_Data_.
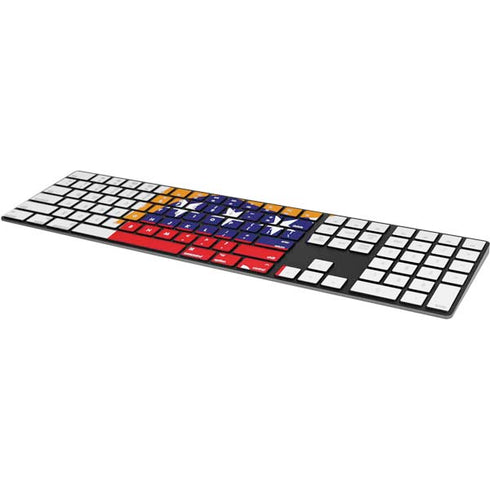 Republican Trump Hair Magic Keyboard with Numeric Keypad Skin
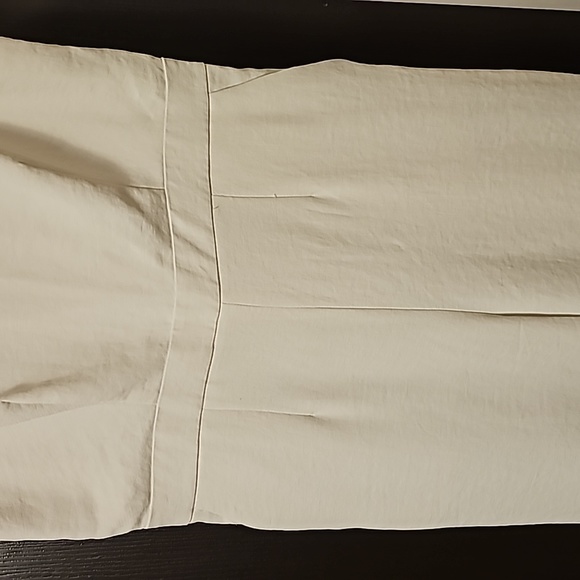 RW&CO White Crepe Jumpsuit - Picture 4 of 10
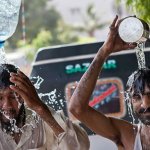 Karachites during Heatwave
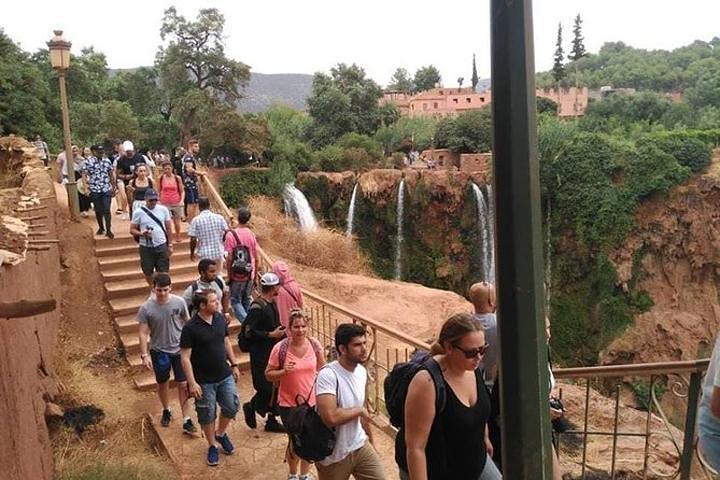 Day trip to Ouzoud waterfalls from Marrakech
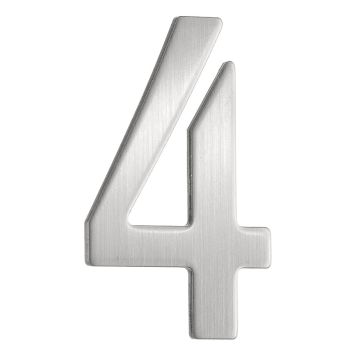 Talonumero Beslagsboden Teräs Tarra Nro. 4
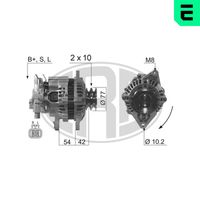 ERA 210622A - Alternador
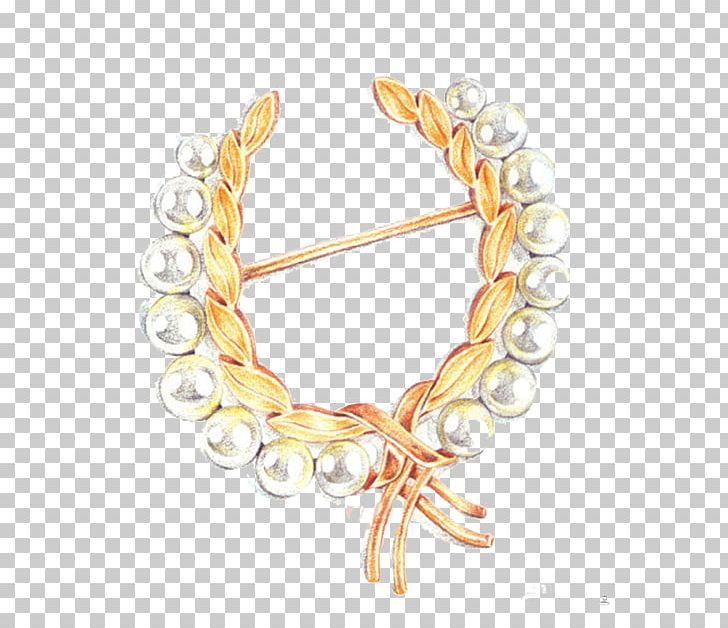 Pearl Necklace Jewellery PNG, Clipart, Bitxi, Body Jewelry, Brooch, Circle, Colored Pencil Free PNG Download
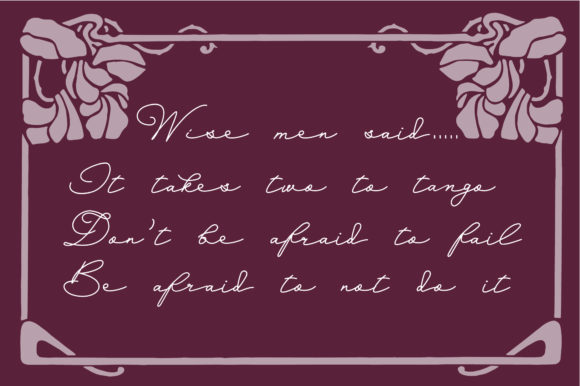 Budapest Girl Font - Preview 3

_What you should do_. Transcribe nothing but the lines from the one containing "Karachites during Heatwave" through the final line of the records, exactly as written and without pictures.

_Response_.
 Karachites during Heatwave
 Day trip to Ouzoud waterfalls from Marrakech
 Talonumero Beslagsboden Teräs Tarra Nro. 4
 ERA 210622A - Alternador
 Pearl Necklace Jewellery PNG, Clipart, Bitxi, Body Jewelry, Brooch, Circle, Colored Pencil Free PNG Download
 Budapest Girl Font - Preview 3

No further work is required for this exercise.